[Web page caption snippets]
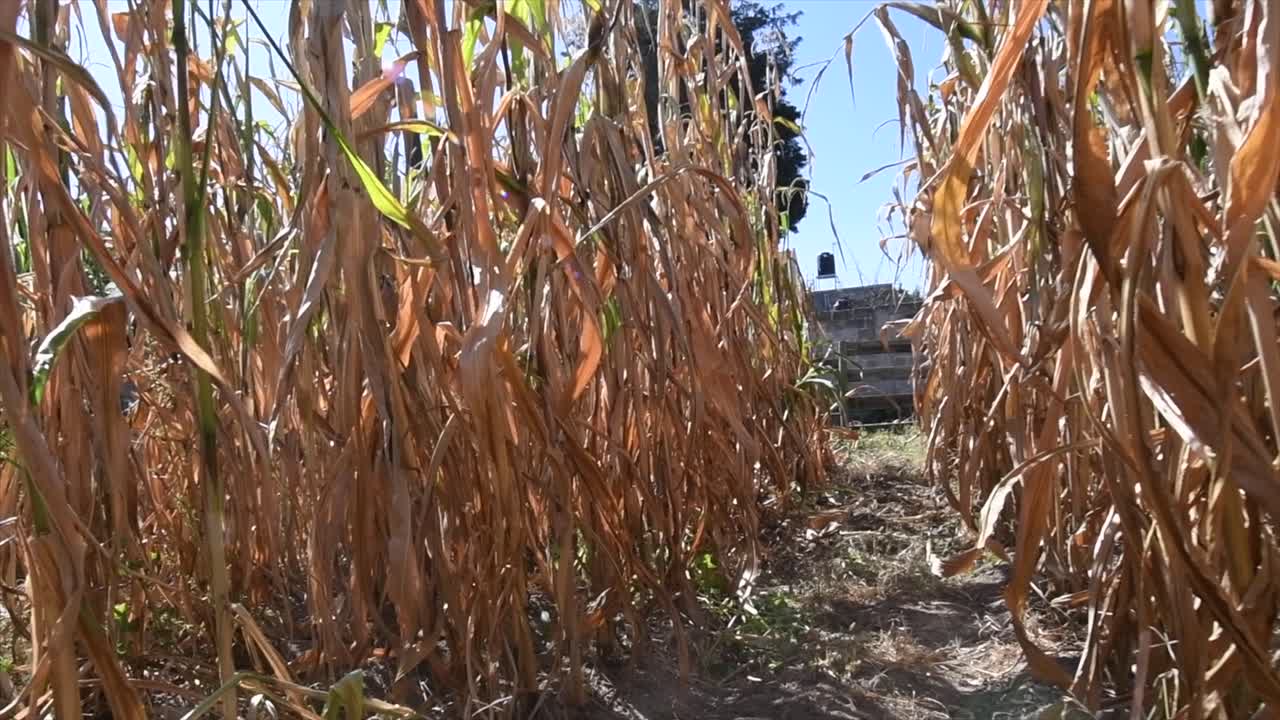 Walk into the dry corn crop, turning the camera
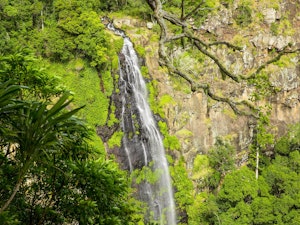Morans Falls
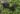 sambucus_nigra_holunder_nova_fekete_bodza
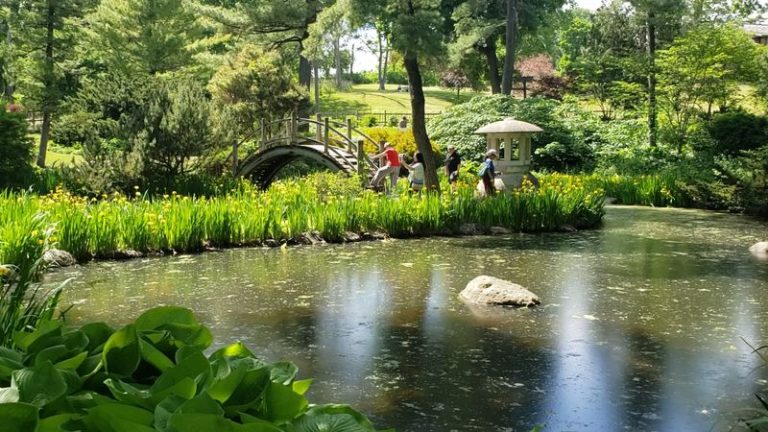 This Illinois Sculpture Trail Winds Through The Woods Past Dozens Of Hidden Art Installations
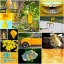 Picture of HELLO SUNSHINE COLLAGE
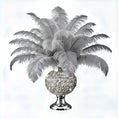 Load image into Gallery viewer, BULK 1/2lb Ostrich Feather Tail Plumes 15-20" (Silver/Grey)
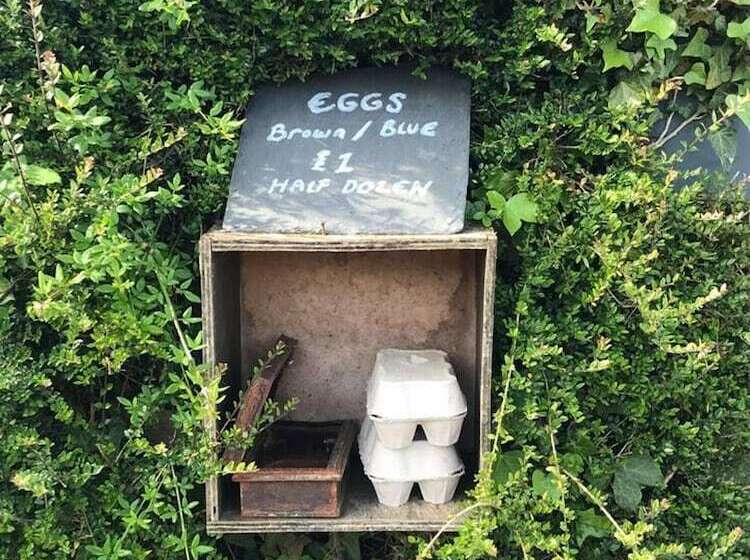 Dog Friendly Shepherd S Hut, Perfect For Couples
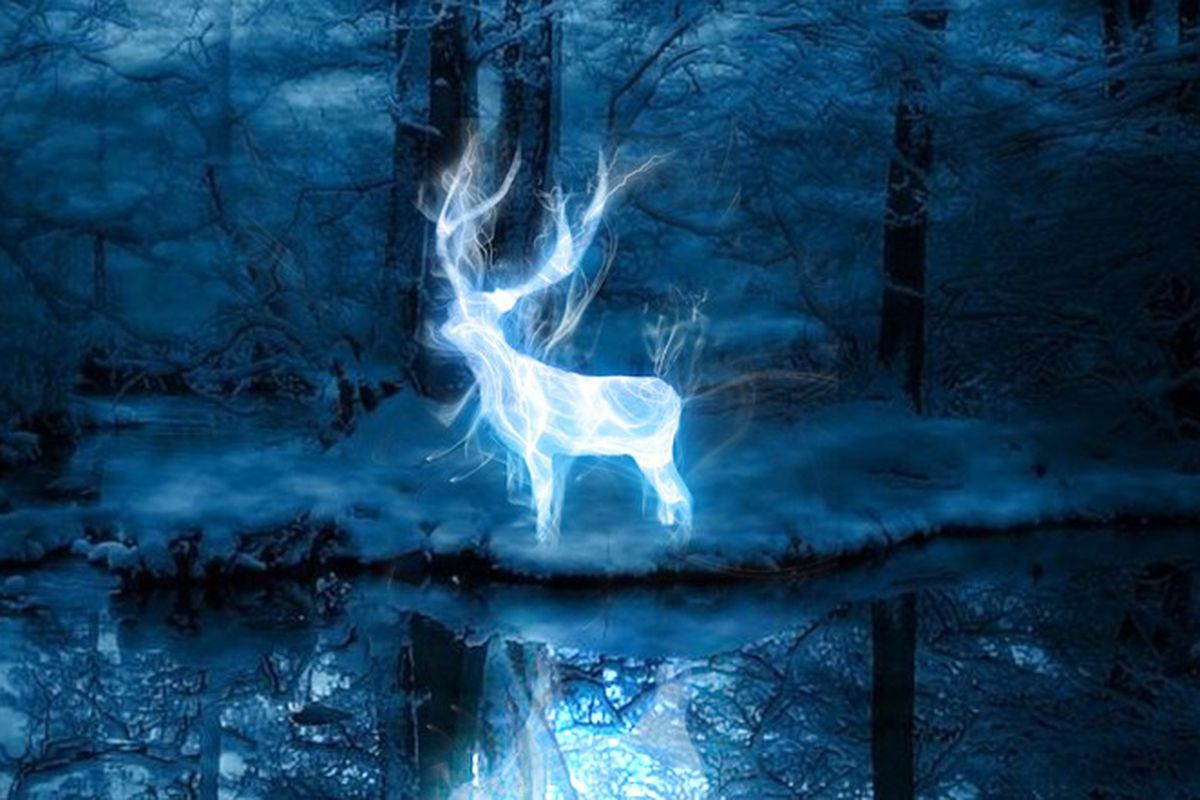 Patronus cervo luminoso foresta, 1200x800 HD, Notebook Gaming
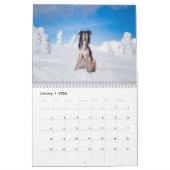 Calendrier Silken Windhounds 2021 Adultes 2 (Jan 2026)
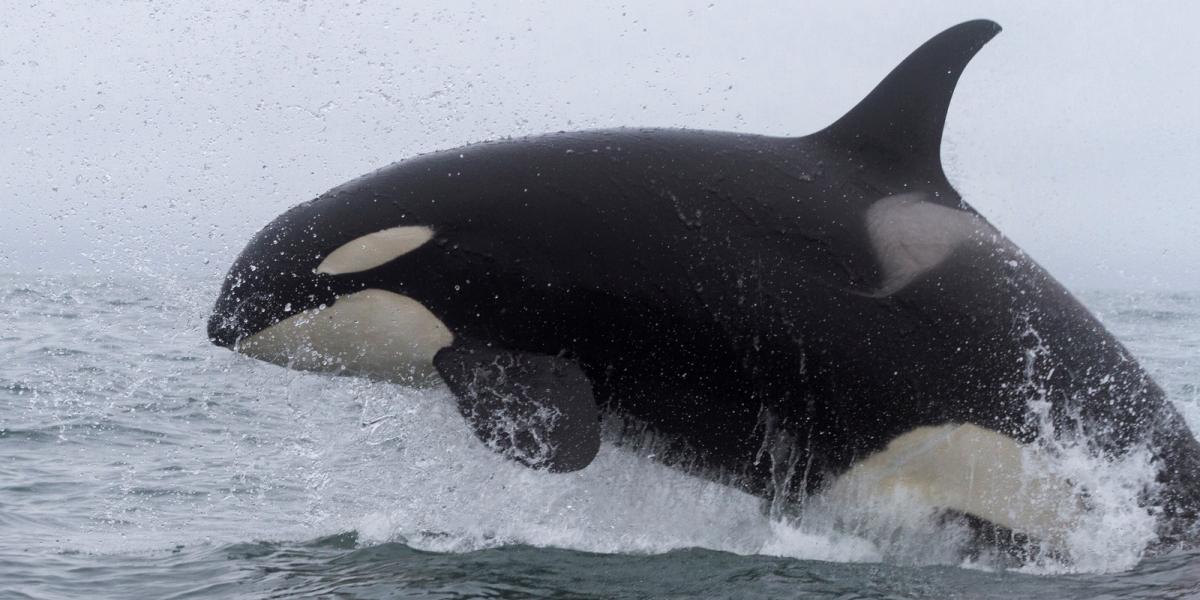 Egy orka - a kép illusztráció. Fotó: Mike Korostelev / Biosphoto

[Try it] Which lines run from the one containing "Dog Friendly Shepherd" through the last line of the entries above? Output them exactly, both ends included, with no pictures.

[Expected answer]
 Dog Friendly Shepherd S Hut, Perfect For Couples
 Patronus cervo luminoso foresta, 1200x800 HD, Notebook Gaming
 Calendrier Silken Windhounds 2021 Adultes 2 (Jan 2026)
 Egy orka - a kép illusztráció. Fotó: Mike Korostelev / Biosphoto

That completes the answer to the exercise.